Sit-ups are performed with a partner holding the member's feet, and must be performed while wearing shoes and lying on a flat surface. Sit-ups are performed for one minute. Only correctly performed sit-ups are counted.

To properly complete a sit-up, a recruit or airmen begins with their lower back and shoulder blades touching the floor. Arms are folded across the chest. Then, they pull their body up, touching elbows to thighs while keeping hands firmly pressed against the chest or upper shoulders. Then, the member returns to the starting position and begins another rep.

To graduate from AFBMT, a recruit must meet the following standards:

  • Males, ages 29 and under: 42 sit-ups in a minute

  • Males, ages 30 to 39: 39 sit-ups in a minute

  • Females, ages 29 and under: 38 sit-ups in a minute

  • Females, ages 30 to 39: 29 sit-ups in a minute

Push-ups

Push-ups are performed on a level, flat surface while wearing shoes. The body must form a straight line and only be supported with the toes and palms. For one minute, the recruit or airmen lowers their body until arms bend at least 90 degrees. Only correctly performed push-ups are counted.

  • Males, ages 29 and under: 33 push-ups in a minute

  • Males, ages 30 to 39: 27 push-ups in a minute

  • Females, ages 29 and under: 18 push-ups in a minute

  • Females, ages 30 to 39: 14 push-ups in a minute

1.5-mile run

The Air Force standard for a cardio event is a 1.5-mile run/walk. It must be performed on a flat, solid surface such as a track.
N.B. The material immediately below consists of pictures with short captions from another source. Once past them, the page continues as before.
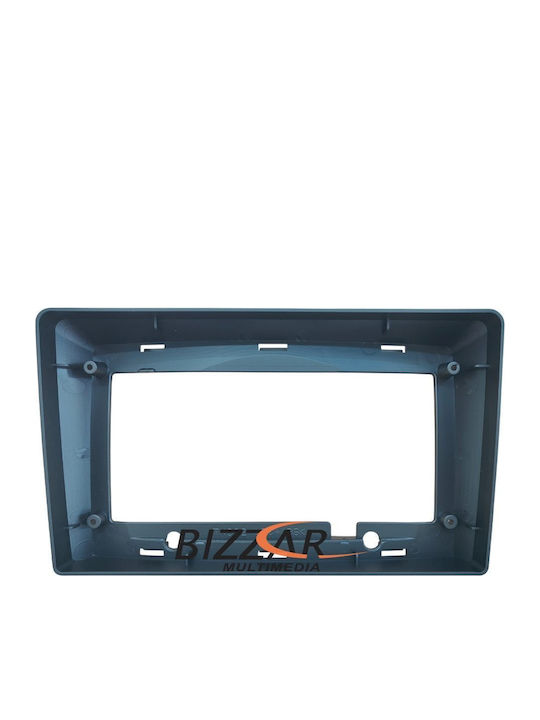Clarion Car Audio System for Hyundai H-1 2009-2015 (Bluetooth/USB/WiFi/GPS/Apple-Carplay/Android-Auto) with Touch Screen 9"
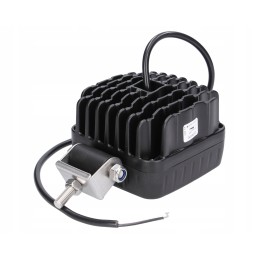 LED darbo lempa wesem reflektorius 25w 2000lm led2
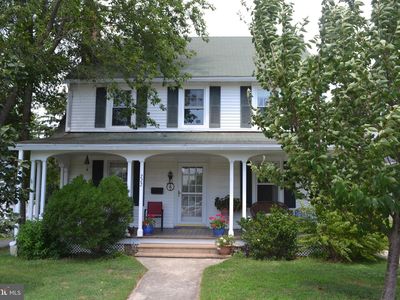 222 Belvedere Ave, Centreville, MD, 21617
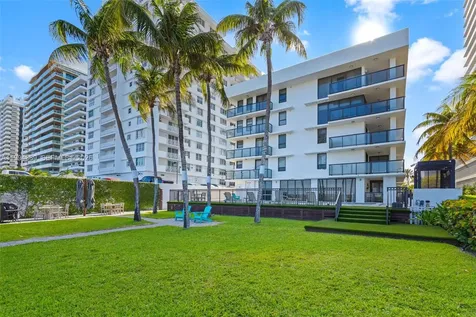 5845 Collins Avenue Miami Beach FL 33140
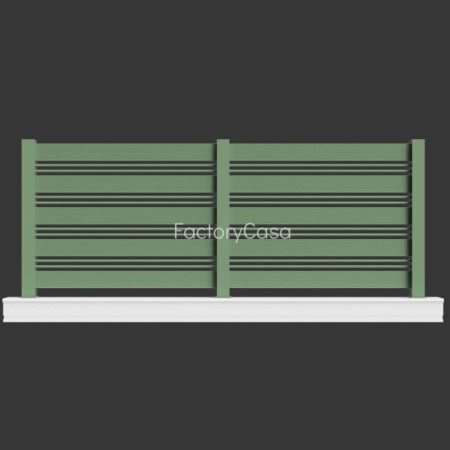 ΠΕΡΙΦΡΑΞΗ ΑΛΟΥΜΙΝΙΟΥ orion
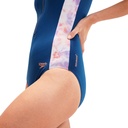 Speedo Panel Hydrasuit Swimsuit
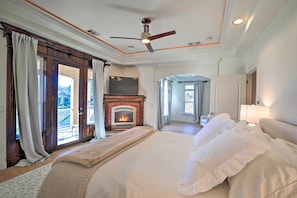 Ferienhaus (5 Bedrooms) | Innenbereich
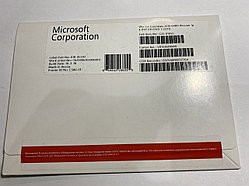 ПО Windows Svr Essentials 2016 64Bit Russian 1pk DSP OEI Only DVD 1-2CPU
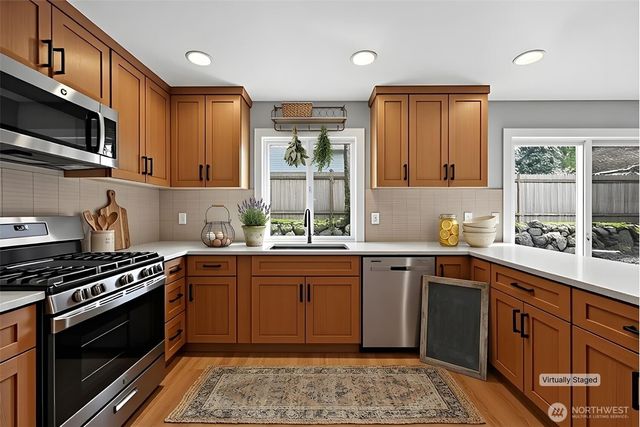 26518 NE Kennedy Drive, Duvall, WA 98019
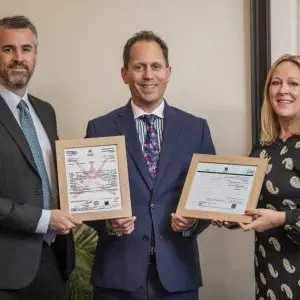 CBD Corporate Services announces expansion into Saudi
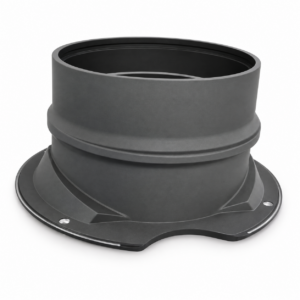 0040-83331 LINER, CATHODE, DIRECT-COOLED, BAFFL...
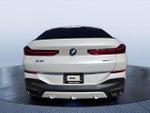 2027 BMW X6 xDrive40i xDrive40i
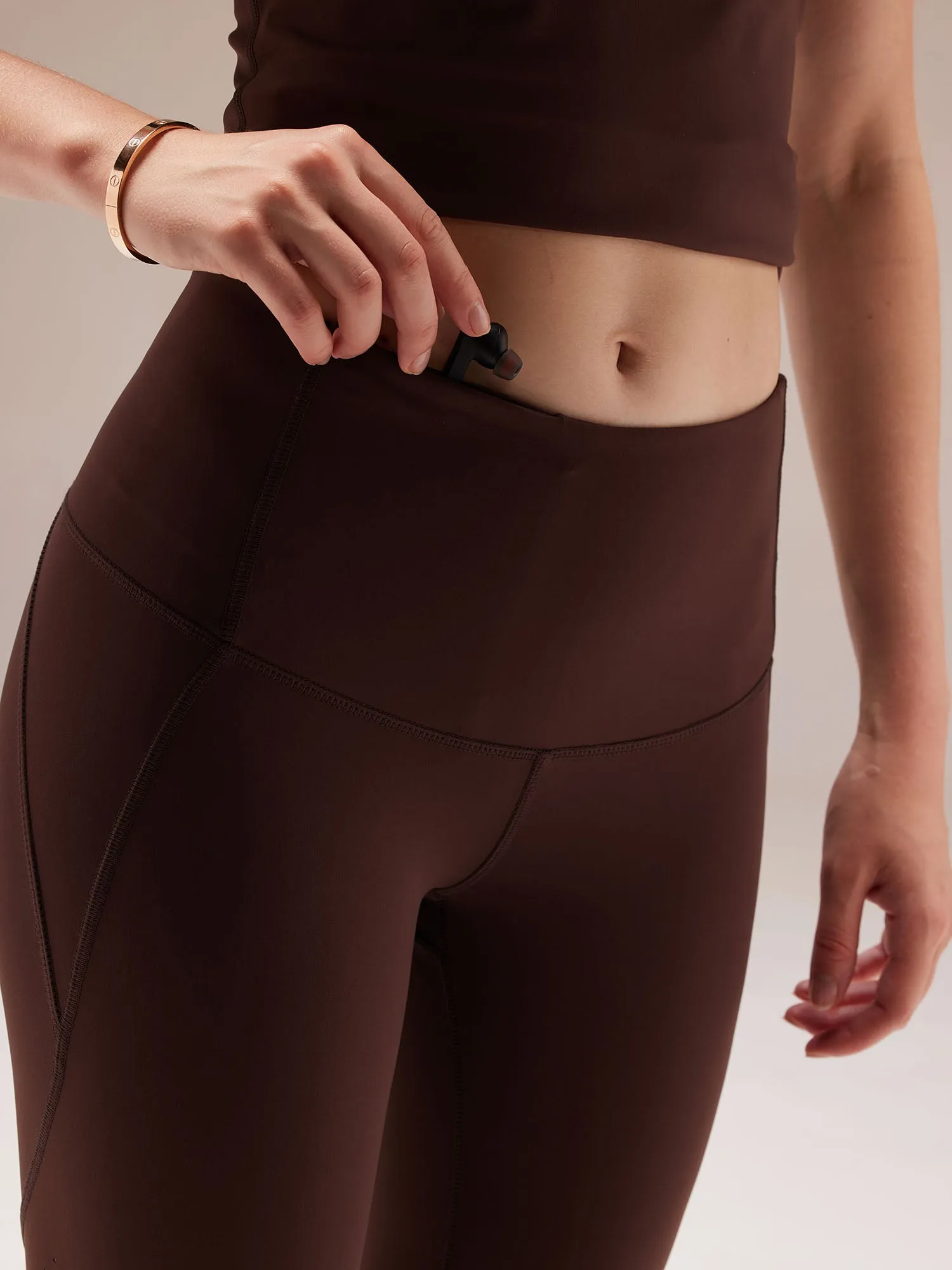 Toasted Airflow Leggings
The member runs or walks, or performs a combination of running and walking, to complete the 1.5-mile distance as quickly as possible.
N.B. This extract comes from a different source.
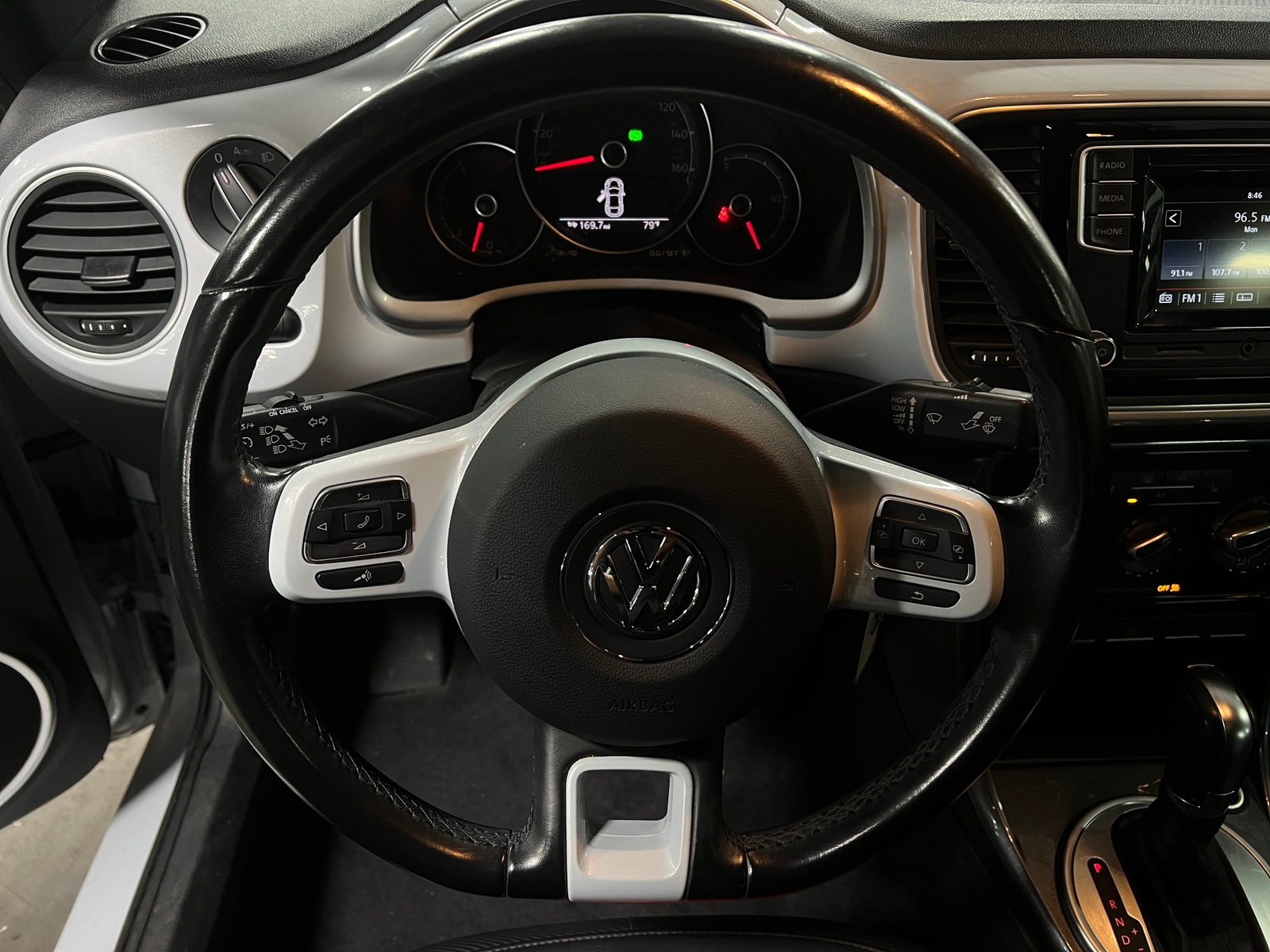 Thumbnail: 2017 Volkswagen Beetle - 5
To graduate from AFBMT, a recruit must meet the following standards:

  • Males: 1.5 miles in 11 minutes and 57 seconds

  • Females: 1.5 miles in 14 minutes and 26 seconds

Air Force fitness awards

Those who perform exceptionally well on their PFT prior to graduation may be eligible for fitness awards. The two award levels include an additional exercise performance—pull-ups, where a recruit hangs from a bar and uses their upper-arm and back muscles to lift their body up so that their chin goes above the bar. This additional requirement, besides exceeding minimum requirements in the other three exercise components, shows a recruit's dedication to physical fitness.
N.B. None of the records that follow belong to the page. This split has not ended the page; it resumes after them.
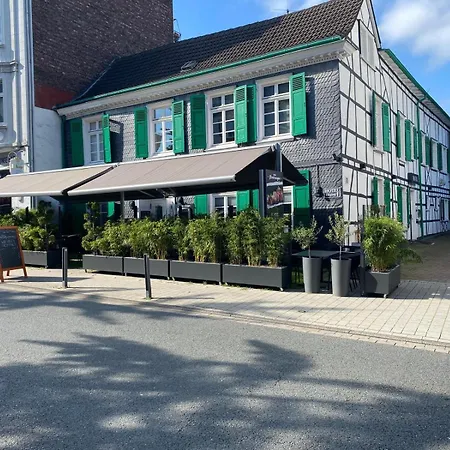 Hotel.Restaurant zum alten Postwagen-3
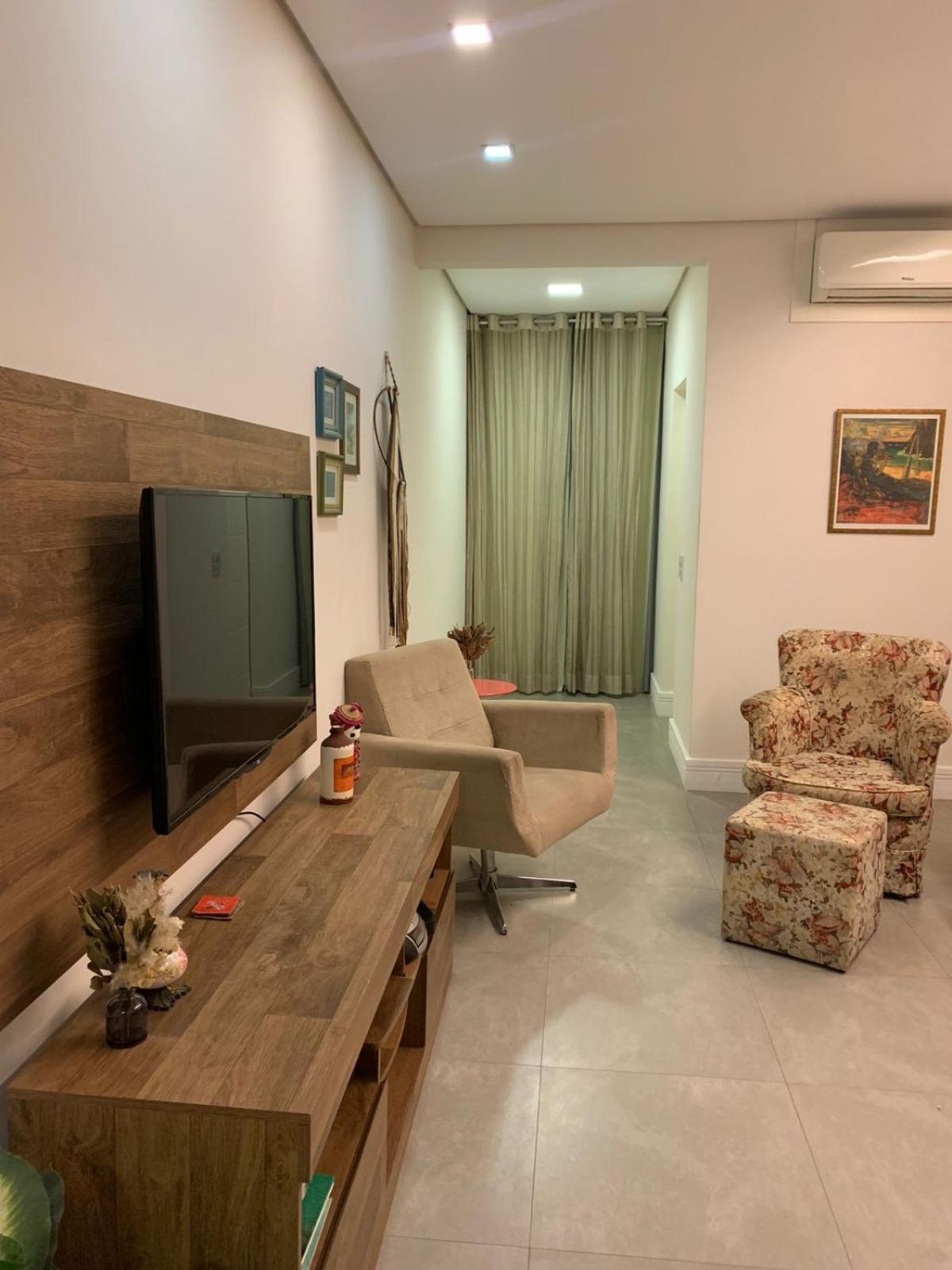 Apartamento Leme - RJ Rio de Janeiro Exterior foto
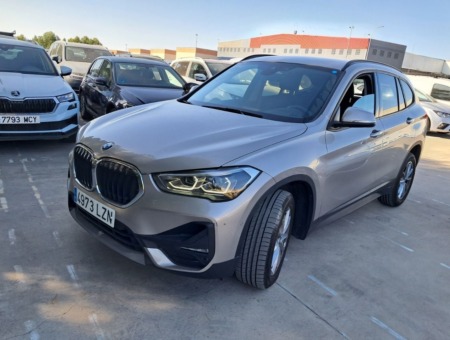 40543ad341c7ad9b85737cf1254c2d0f-2483 BMW X1 sDrive18dA Corporate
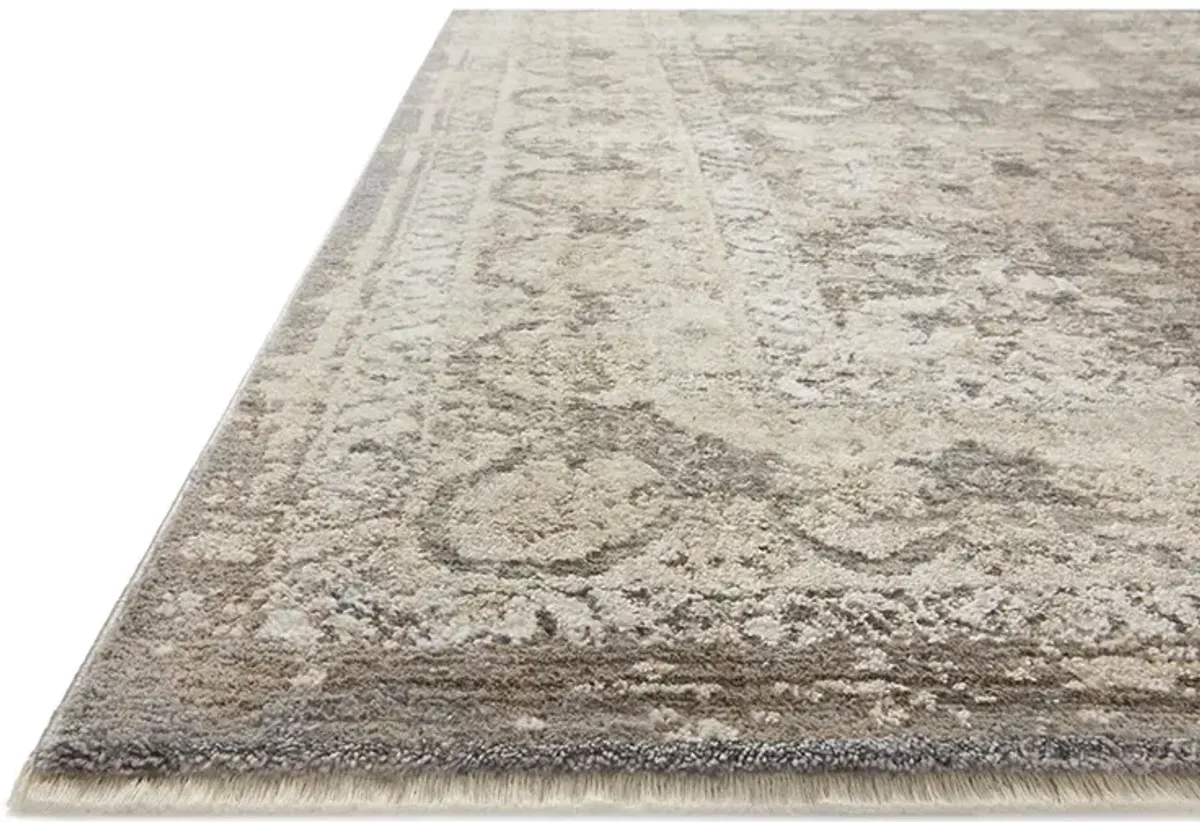 Sonnet SNN08 2'6" x 10'" Rug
The physical fitness levels, including award levels, are:

Liberator: This basic physical fitness level is for recruits and airmen who meet the minimum requirements.

Top PT Male/Female: This award is given to the top male and female trainees with the highest fitness score on the test.

Thunderbolt: This award level is for trainees who exceed the minimum requirements:
Males

Sit-ups Push-ups 1.5-mile run Pull-ups
70 62 8 minutes and 55 seconds 4

Females

Sit-ups Push-ups 1.5-mile run Pull-ups
60 37 11 minutes and 33 seconds 2

Warhawk: This award level is for those who exceed the minimum requirements:

Males

Sit-ups Push-ups 1.5-mile run Pull-ups
80 75 8 minutes and 8 seconds 10

Females

Sit-ups Push-ups 1.5-mile run Pull-ups
75 40 10 minutes and 55 seconds 5

How to prepare for Air Force BMT

If you are looking to get in good physical shape before arriving at AFBMT, the following steps can help you prepare for Air Force BMT:

  1. Consult your physician or other healthcare professional. Before starting your training regime, your physician can help you determine your current physical standing compared to the Air Force's requirements and create a regime that helps you achieve your fitness goals.

  2. Start working out twice a day. Exercise in the morning and evening to mirror the long days of physical activity required at BMT.

  3. Combine cardio and strength workouts. In your balanced weekly regimen, this step allows you to prepare for AFBMT training and the PFT.

  4. Work out at least six days per week. Before arriving at BMT, this step can help you to get your body used to the training.

  5. Be sure to get a full night's sleep every night. This will help your body prepare for the rigors of training.

  6. Eat a healthy, well-balanced diet. This step ensures you maintain your nutrition and promote weight management needed in the Air Force.